%%
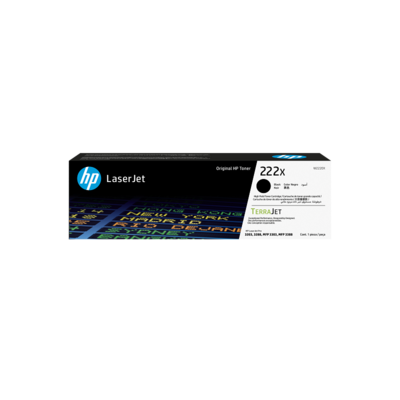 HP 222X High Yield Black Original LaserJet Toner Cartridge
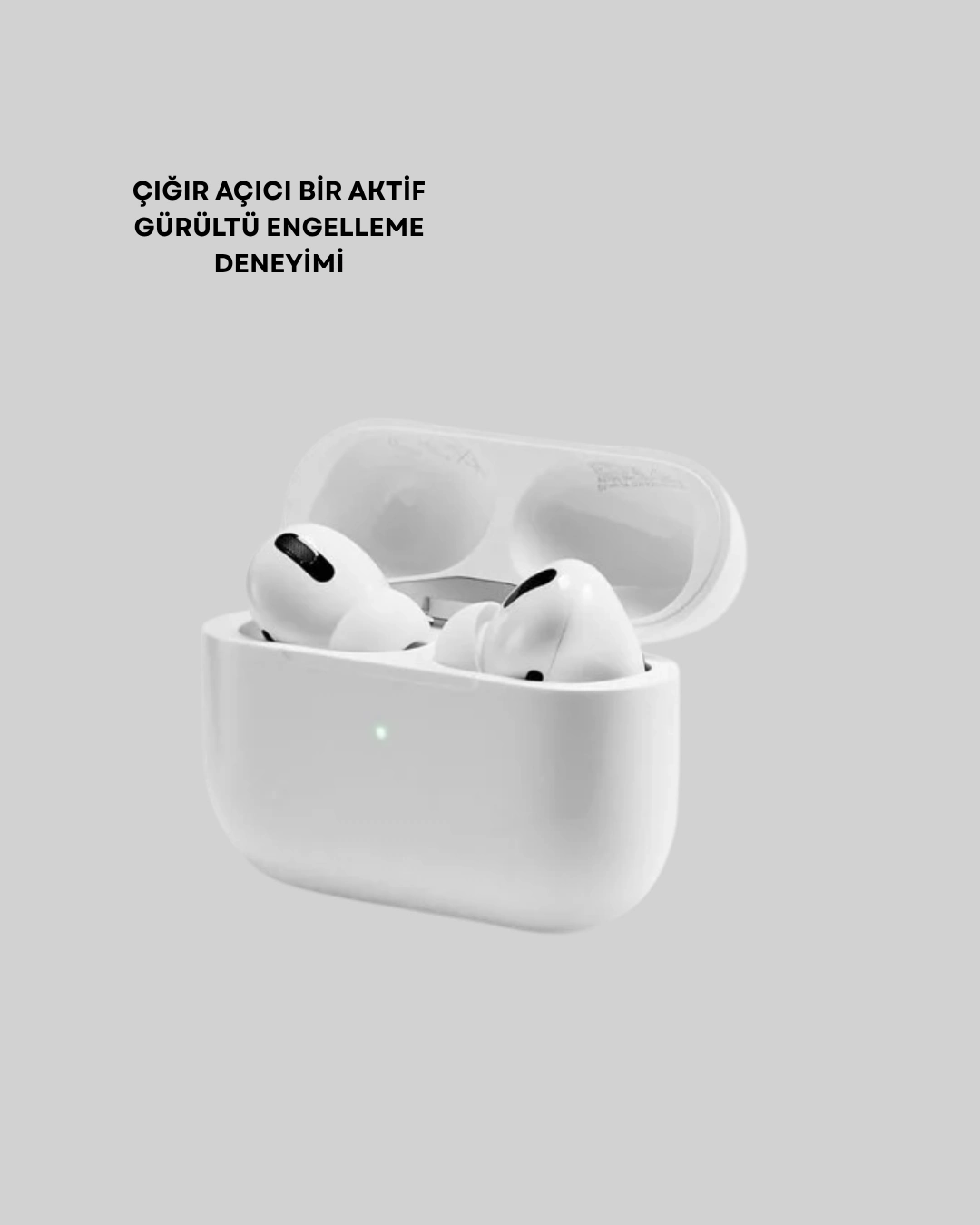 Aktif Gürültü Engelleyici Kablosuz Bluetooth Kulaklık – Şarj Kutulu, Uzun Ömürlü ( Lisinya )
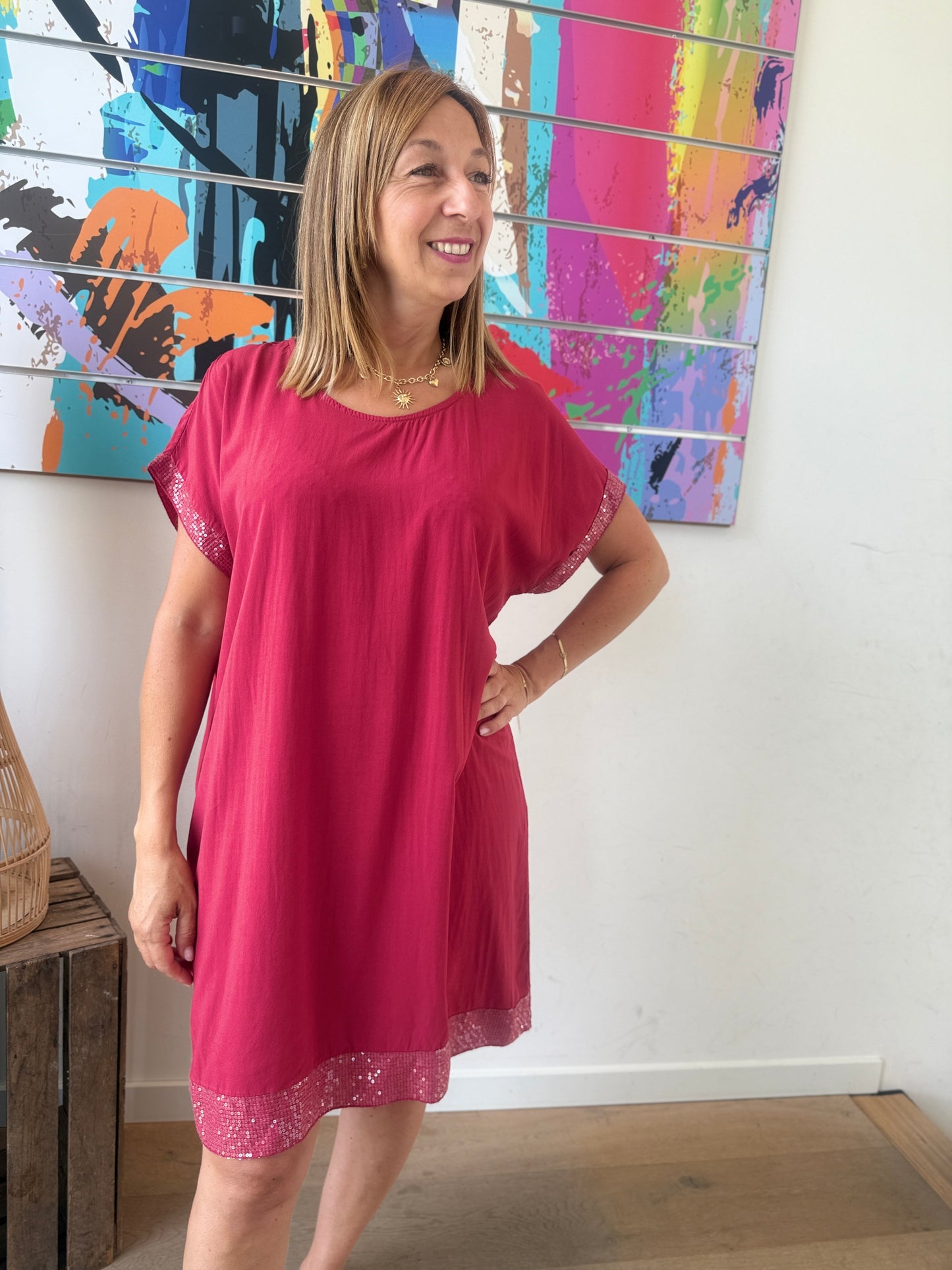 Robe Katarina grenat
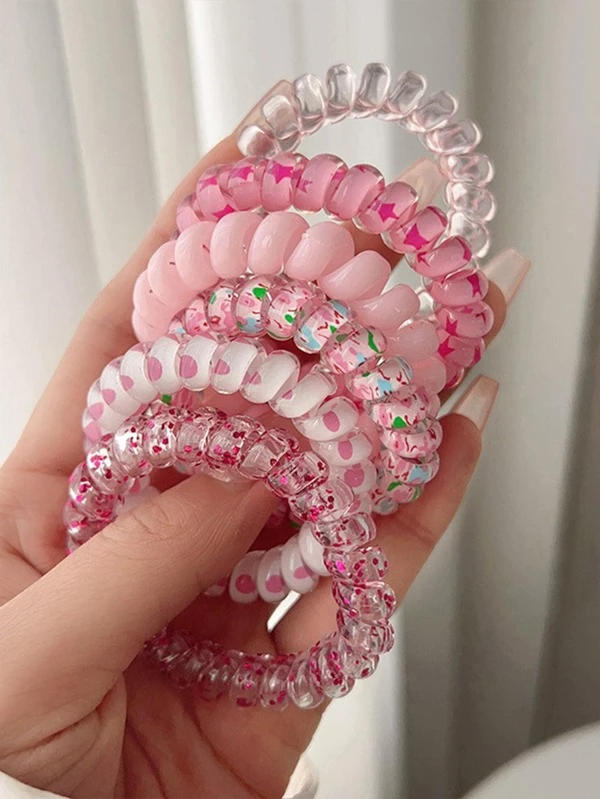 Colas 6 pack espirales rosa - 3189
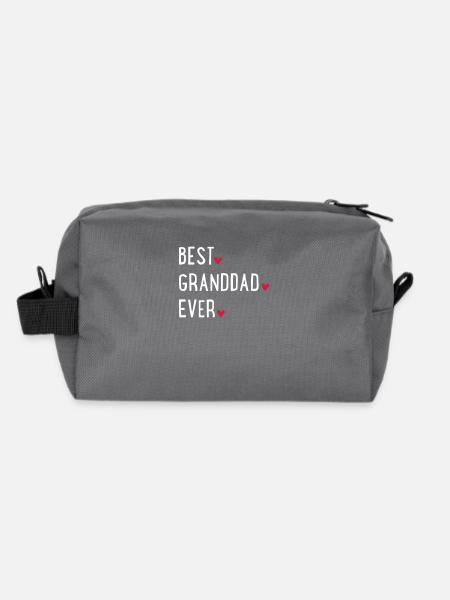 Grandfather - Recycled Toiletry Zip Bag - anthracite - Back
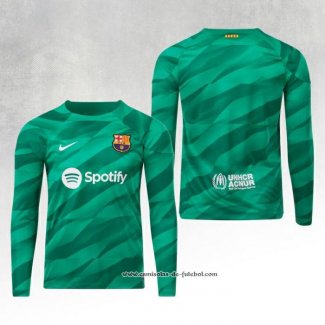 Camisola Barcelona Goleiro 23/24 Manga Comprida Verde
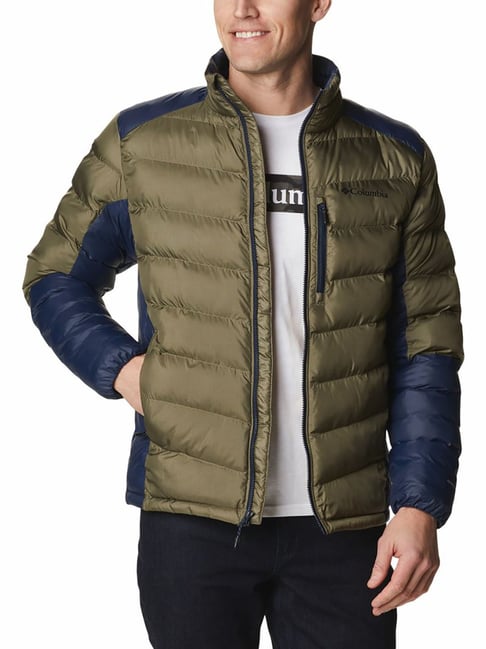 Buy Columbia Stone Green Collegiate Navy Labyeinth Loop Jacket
%%
Every line of the data above is to be set down exactly; the pictures are not.

 HP 222X High Yield Black Original LaserJet Toner Cartridge
 Aktif Gürültü Engelleyici Kablosuz Bluetooth Kulaklık – Şarj Kutulu, Uzun Ömürlü ( Lisinya )
 Robe Katarina grenat
 Colas 6 pack espirales rosa - 3189
 Grandfather - Recycled Toiletry Zip Bag - anthracite - Back
 Camisola Barcelona Goleiro 23/24 Manga Comprida Verde
 Buy Columbia Stone Green Collegiate Navy Labyeinth Loop Jacket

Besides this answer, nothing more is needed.